◆ Instructions for the task
Under this line are the records; write out word for word the part that begins at the line containing "South Valley Apartments — Photo 25" and ends at the line containing "Herramientas que llevaba", and no more.

◆ Source data

------------------------------------

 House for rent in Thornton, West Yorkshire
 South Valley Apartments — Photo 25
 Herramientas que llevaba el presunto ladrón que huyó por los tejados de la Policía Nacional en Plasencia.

------------------------------------

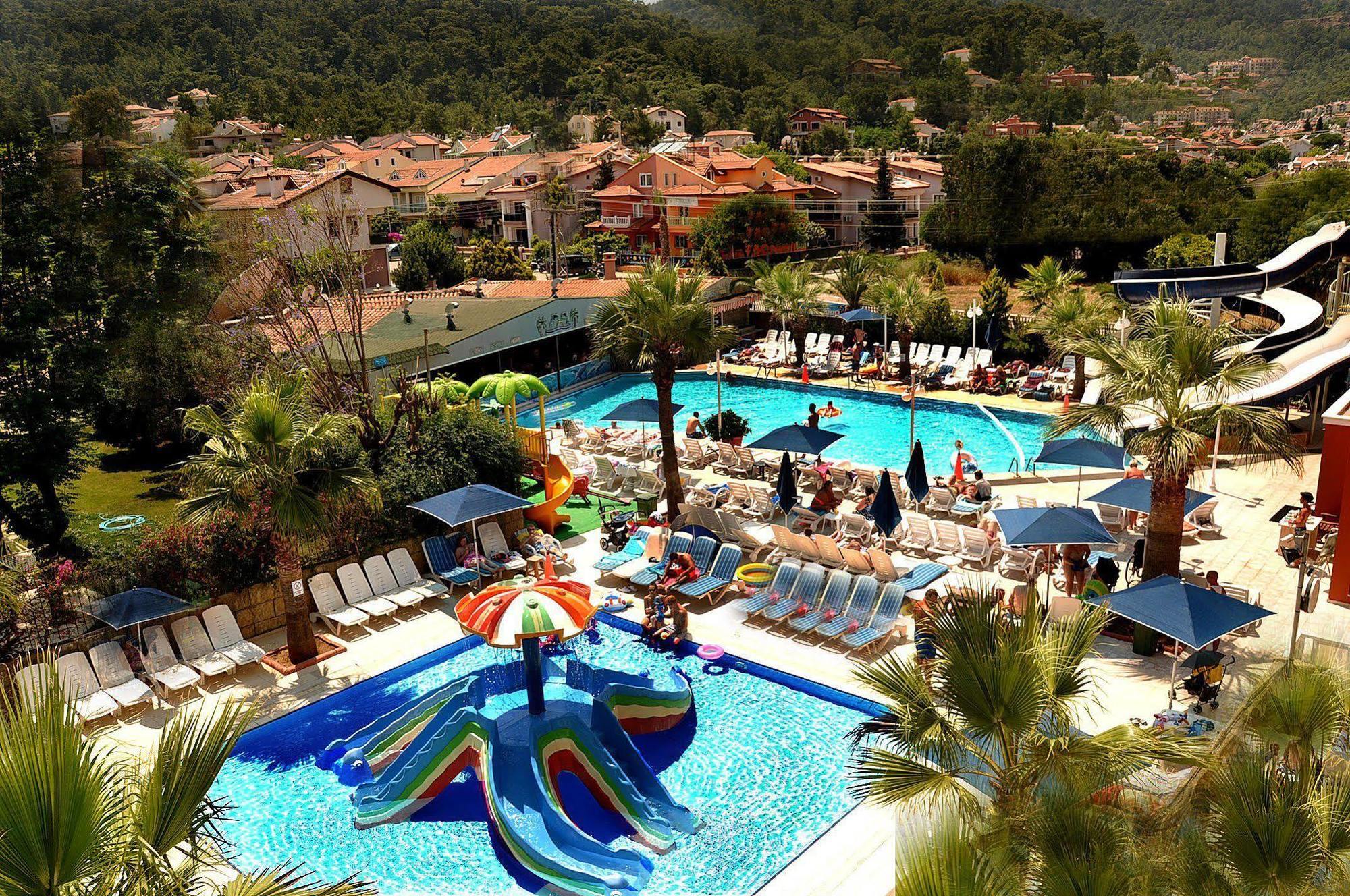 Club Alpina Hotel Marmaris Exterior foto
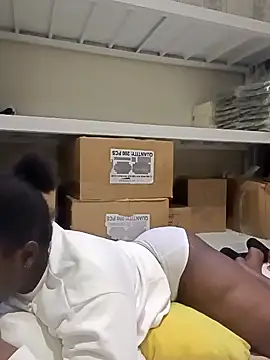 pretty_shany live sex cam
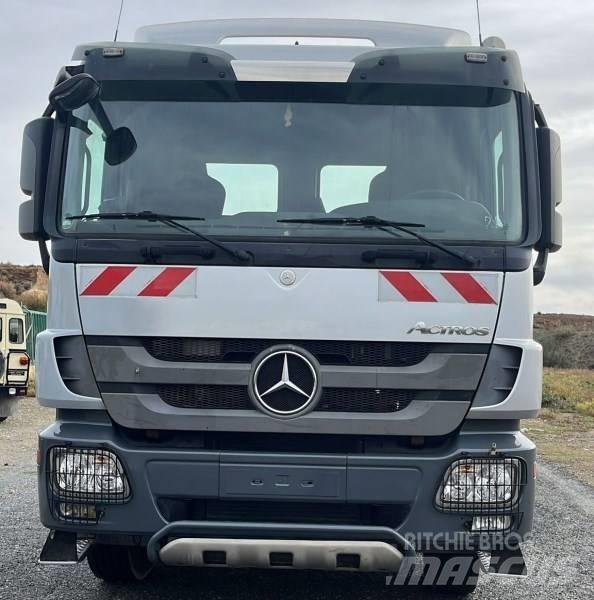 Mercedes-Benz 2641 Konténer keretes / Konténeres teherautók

------------------------------------

◆ Solution
 South Valley Apartments — Photo 25
 Herramientas que llevaba el presunto ladrón que huyó por los tejados de la Policía Nacional en Plasencia.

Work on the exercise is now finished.